Sean Brenner | September 24, 2024

As the 2024–25 academic year begins, the Humanities Division is welcoming seven new faculty members. Collectively, they bring to the division a wide array of expertise and interests; the subjects of their research span the globe, range from ancient times to the present day and even transcend species.

We extend a warm welcome to each of them. Following is a look at our newest faculty members’ scholarly interests and the courses they plan to teach:

Nina Duthie, Asian Languages and Cultures, studies narrative literature from early medieval through medieval China (220–907 CE), with an emphasis on texts from the northern dynasties. Her current project explores the representation of the Tuoba Xianbei rulers of the Northern Wei state (386–534 CE) through the sixth-century Wei shu, and incorporates issues of mythology, ritual and Buddhist writing. She teaches undergraduate courses in premodern Chinese narrative and fiction, classical Chinese, early Chinese philosophy and the survey course Chinese Civilization.

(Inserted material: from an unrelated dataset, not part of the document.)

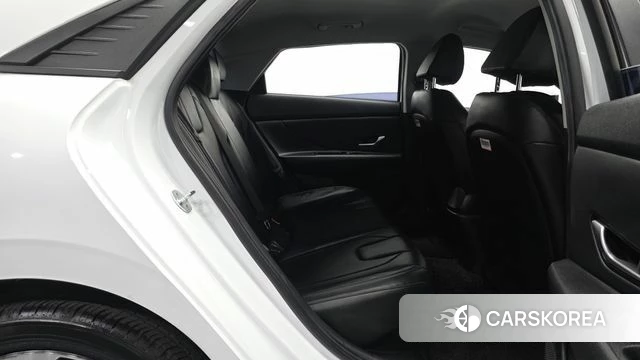Hyundai Avante Hybrid (CN7) 2022 Белый из Кореи, фото 2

Dieter Gunkel, Classics and Indo-European Studies, specializes in the development of ancient Greek, Latin, and related Indo-European languages, and will be teaching courses on those topics. He is also interested in how language is set to poetic meter and melody, and he is currently researching the relationship between the melody of speech and song in ancient Greek vocal music.

Allison Kanner-Botan, Comparative Literature, is a scholar of the literary cultures of early Eurasia, specializing in Arabic and Persian literature of the Persianate world — roughly from the Balkans to Bengal. Her interdisciplinary research extends across the fields of the history of sexuality, madness and disability studies, Mediterranean and Central Asian literary history, and global south studies. She enjoys teaching broad comparative courses that bring into dialogue European and Middle Eastern materials around themes such as love, madness and animality.

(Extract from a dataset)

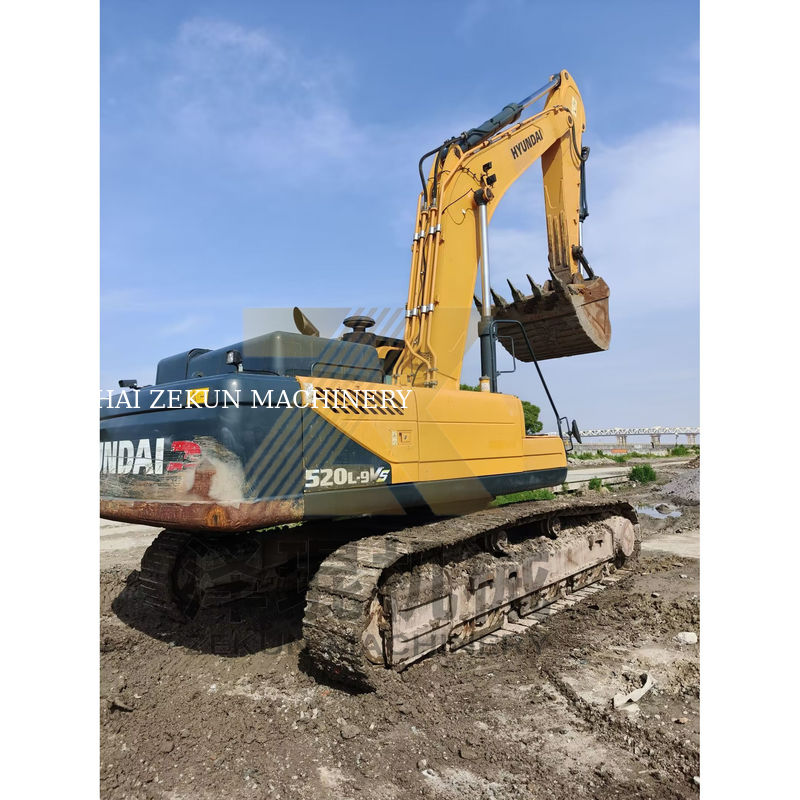 สภาพดี Hyundai R520 Excavator ขนาด 3M3 ความจุถังและพลังงาน 266KW ในตลาดร้อน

Jonah Katz, Linguistics, studies the physical and perceptual nature of speech sounds, the way that different types of sounds pattern together in natural languages, and the relationship between these two areas. He also conducts research on the structure and cognition of music and its relationship to language. At UCLA, he will teach graduate and undergraduate classes at all levels on spoken-language phonology, the nature and structure of linguistic sounds.

Nancy Alicia Martínez, Comparative Literature, works on the histories of recorded knowledge, including technologies like writing and books, and how they impact communication across languages and cultures. She focuses on the cultures of Central America and Central Europe from the 20th century to the present, addressing how indigeneity, decoloniality, coloniality and empire influence creative production and its reception.

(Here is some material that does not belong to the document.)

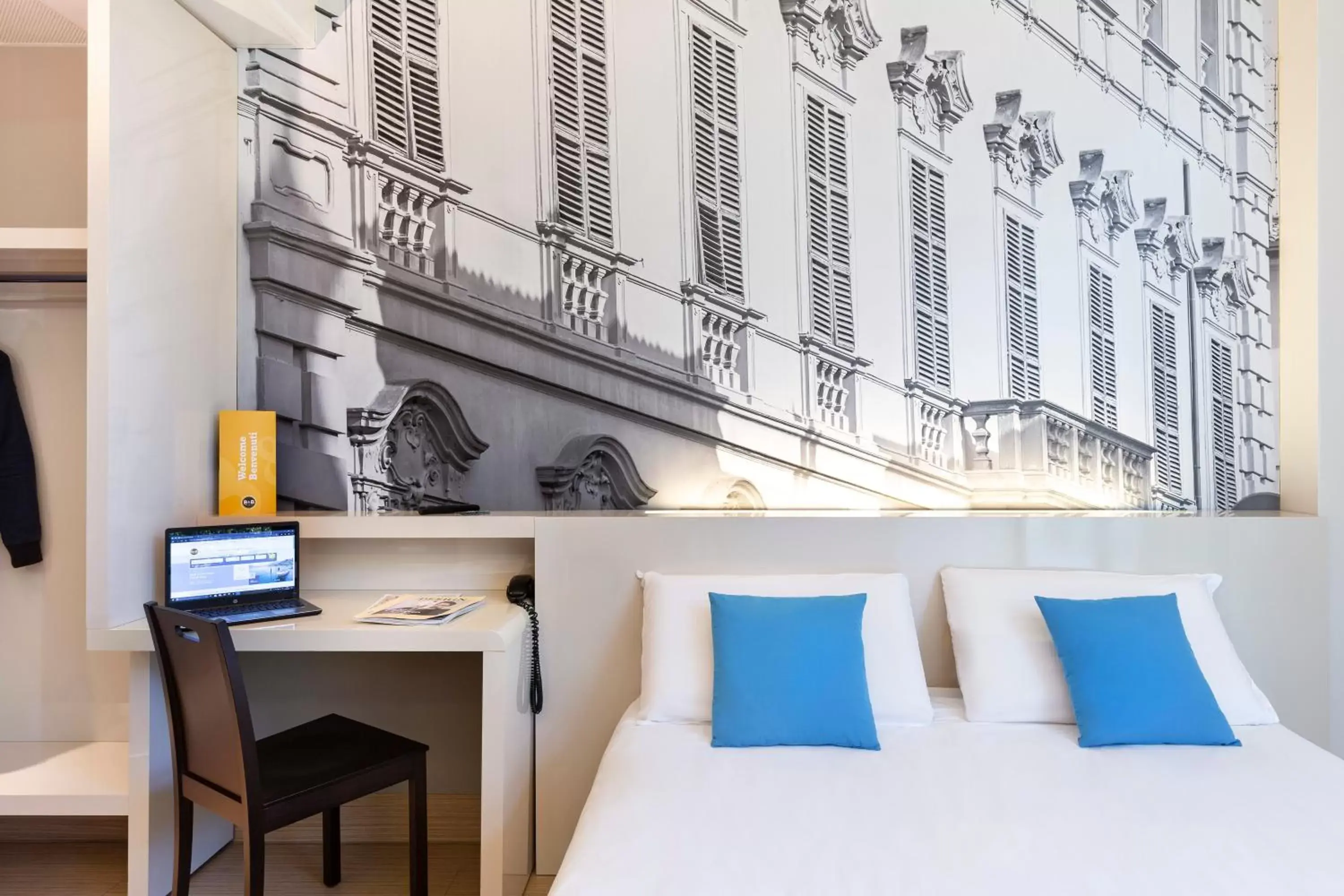 Bedroom, Bed in B&B Hotel Faenza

Roberta Morosini, European Languages and Transcultural Studies, investigates Dante and, more generally, Medieval and Early Modern visual and literary culture within a pan-Mediterranean perspective. Her studies revolve around blue humanism, and her teaching and research raise awareness of forced migrations, displacement and slavery of and in the Black Mediterranean. She is teaching courses on Archipelagic-Mediterranean Dante and on Boccaccio and women at the sea.

Vetri Nathan, European Languages and Transcultural Studies, studies a range of subjects, from the cultural foundations of environmental justice — and injustice — to national, racial and diasporic identities, particularly but not limited to Italy and the wider Mediterranean region. He is the founder and director of the Cybercene Lab, a new humanities lab that will start up at UCLA in the coming year. The lab is envisioned as a gathering space to study multispecies wellbeing, healing and habitability, and the connections between cultural discourse in a digitally connected world, manufactured conflicts, climate change and habitat and biodiversity loss. His courses will explore various topics such as Italian and global food studies, Black and migrant Italy and the multispecies humanities.